Людмила Гурченко - Валерий Кичин 14 стр.


Вот, расставшись с любимым человеком, скорее всего, навсегда, не идет, а бежит по железнодорожному виадуку официантка Вера из "Вокзала для двоих". Убегает от него и от себя, боясь обернуться, словно хочет этим бегом захлестнуть боль, перекричать безнадежную эту любовь, убить ее в себе. И тоже звучит музыка - рвущая душу песня "Не бойтесь жизнь переменить!", это ее ритм и ее настрой сейчас определяют весь тонус эпизода, эту невозможную в сугубо "повествовательном" фильме эмоциональную высоту. Здесь есть некая условность, полностью принимаемая нами в зале и совершенно отвечающая нашим ожиданиям, - условность, которая уводит на второй план "физическую жизнь" героев и выдвигает на авансцену, делает единственно достойной внимания реальностью - жизнь их души. Она родственна условности музыки - аналогия не так поверхностна, как может показаться. Любая другая актриса сыграла бы такую сцену, быть может, отлично - но принципиально иначе. Потому что в даровании Гурченко сплелись эта ее способность музыкально чувствовать мир и умение выразить свою героиню почти музыкальными средствами. Качества эти - уникальны, они составляют ее актерскую индивидуальность, рядом с ней в этом смысле поставить в нашем кино сегодня некого.

В том же "Вокзале для двоих" есть еще один проход героев - в фонограмме его сопровождает только невнятное бормотание, а музыка, до поры неслышимая, тут все равно есть. Долгий финальный проход по заснеженным безлюдным просторам - герои торопятся, спотыкаются, валятся от усталости в сугроб, пытаются друг друга поднять, поддержать, подтолкнуть, ободрить, ползут почти на четвереньках - нужно спешить, нужно успеть… Простое действие саднит сердце какой-то неслышной, но пронзительной нотой. Его ритм трагичен - неровный, срывающийся, сбивчивый, задохнувшийся… Эмоциональная насыщенность тут почти чрезмерна, со зрителями случается род нервного стресса, и гипнотическое воздействие этой сцены необычайно высоко именно потому, что состояние актеров, пластика кадра, рваность монтажа здесь музыкально, ритмически организованы. Трудно и в этой сцене вообразить на месте Гурченко другую актрису. Другая сыграла бы, вероятно, более "бытово". Или, наоборот, более "поэтично". Но без этого почти невозможного, яростного столкновения и "высокого" и "низкого". Без душераздирающего музыкального "контрапункта" - взаимодействия и противоборства рвущихся из души "мелодий".

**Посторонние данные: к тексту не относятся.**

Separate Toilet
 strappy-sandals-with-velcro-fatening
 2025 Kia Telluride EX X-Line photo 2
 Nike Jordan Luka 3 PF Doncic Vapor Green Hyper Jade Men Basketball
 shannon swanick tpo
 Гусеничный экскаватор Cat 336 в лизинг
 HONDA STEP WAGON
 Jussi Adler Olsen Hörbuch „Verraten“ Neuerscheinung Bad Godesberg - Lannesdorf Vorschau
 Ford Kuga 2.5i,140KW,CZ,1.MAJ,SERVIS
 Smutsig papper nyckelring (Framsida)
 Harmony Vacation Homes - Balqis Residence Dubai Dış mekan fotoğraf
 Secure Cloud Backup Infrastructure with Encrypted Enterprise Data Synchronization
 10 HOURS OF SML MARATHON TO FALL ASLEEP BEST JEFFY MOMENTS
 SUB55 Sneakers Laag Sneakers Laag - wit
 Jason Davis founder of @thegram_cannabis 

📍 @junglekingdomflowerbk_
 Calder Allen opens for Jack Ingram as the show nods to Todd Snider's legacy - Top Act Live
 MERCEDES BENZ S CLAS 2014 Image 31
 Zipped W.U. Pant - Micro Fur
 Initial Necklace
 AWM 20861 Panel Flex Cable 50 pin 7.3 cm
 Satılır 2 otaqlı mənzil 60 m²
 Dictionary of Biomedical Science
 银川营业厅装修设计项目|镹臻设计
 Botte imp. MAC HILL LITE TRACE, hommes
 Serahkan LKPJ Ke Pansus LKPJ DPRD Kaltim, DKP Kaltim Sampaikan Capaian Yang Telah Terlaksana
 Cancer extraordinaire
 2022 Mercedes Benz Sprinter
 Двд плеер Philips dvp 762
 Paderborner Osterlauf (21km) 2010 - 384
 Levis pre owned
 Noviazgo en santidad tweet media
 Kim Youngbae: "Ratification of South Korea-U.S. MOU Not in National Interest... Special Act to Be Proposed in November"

Вспомним опять признание Гурченко по поводу "Сибириады": мы не играли, а пели, диалог - это дуэт, пение, а не разговор…

А вот еще одна роль, которую она "спела". Валентина Барабанова из "Семейной мелодрамы". Одна из картин, где впервые вошла в ее творчество и заняла в нем такое большое место тема душевного одиночества. Беспощадная, почти исповедальная искренность, с какой актриса потом провела эту тему через множество своих ролей, открывает нам нечто личное в жизни самой Гурченко - потом с той же мерой искренности она напишет об этом в своей книге. И тогда мы увидим в фильме подробности, пришедшие на экран из ее харьковского детства. В комнате, где живет Валентина, узнаем комнату тети Вали' - украшенную портретами кинозвезд, салфеточками, какими-то перьями и веерами. Точно так же, как Вали', мурлыкает Валентина мелодии "Большого вальса"- а уж начав мурлыкать, заводится с пол-оборота и вот уже кружится вихрем по комнате, ловко обходя тесно поставленную мебель, и поет пронзительным голосом, подражая Карле Доннер. Так же светски смеется, морща носик, и так же все время словно видит себя со стороны, чуть работает на публику. В Валентине умирает актриса.

Впрочем, почему умирает? Она - актриса. Пусть судьба так сложилась, что ей приходится работать в парикмахерской - все равно в душе она актриса.

- У меня хор, - сообщает она, торопясь. И с достоинством непризнанной звезды жалуется - Наша прима теряет голос, текст забывает. А мне соло не доверяют…

У нее растет сын, трудный ребенок. Талантливый, в нее. Но потому и трудный. Стихи пишет, к отцу норовит убежать постоянно. Отец подонок. Бросил семью, ушел к Марине, теперь она кормит его своими пирогами и салатами, как будто в этом счастье.

Вали-Валентина чувствует себя неудачницей, и это сознание уже успело так глубоко въесться в нее, что определяет теперь все ее поведение дома и на людях.

На людях - "влыбайсь и дуй свое!". Она надевает шляпку-котелок очень лихо, приблизительно так, как Карла Доннер свою огромную, с полями. Она идет легкой походкой мимо мужчин, играющих во дворе в домино, и одаряет их великодушной улыбкой: "Гуляю!"

Дома - молчаливо всматривается в свое блекнущее отражение в зеркале. Пропадает женщина.

"Я хочу петь!" сказано, как "Я хочу жить!". Рассматривает себя, мычит тихонько любимый мотив. Сердце в груди бьется, как птица, а впрочем, кто об этом знает, кому это нужно! Машет безнадежно рукой.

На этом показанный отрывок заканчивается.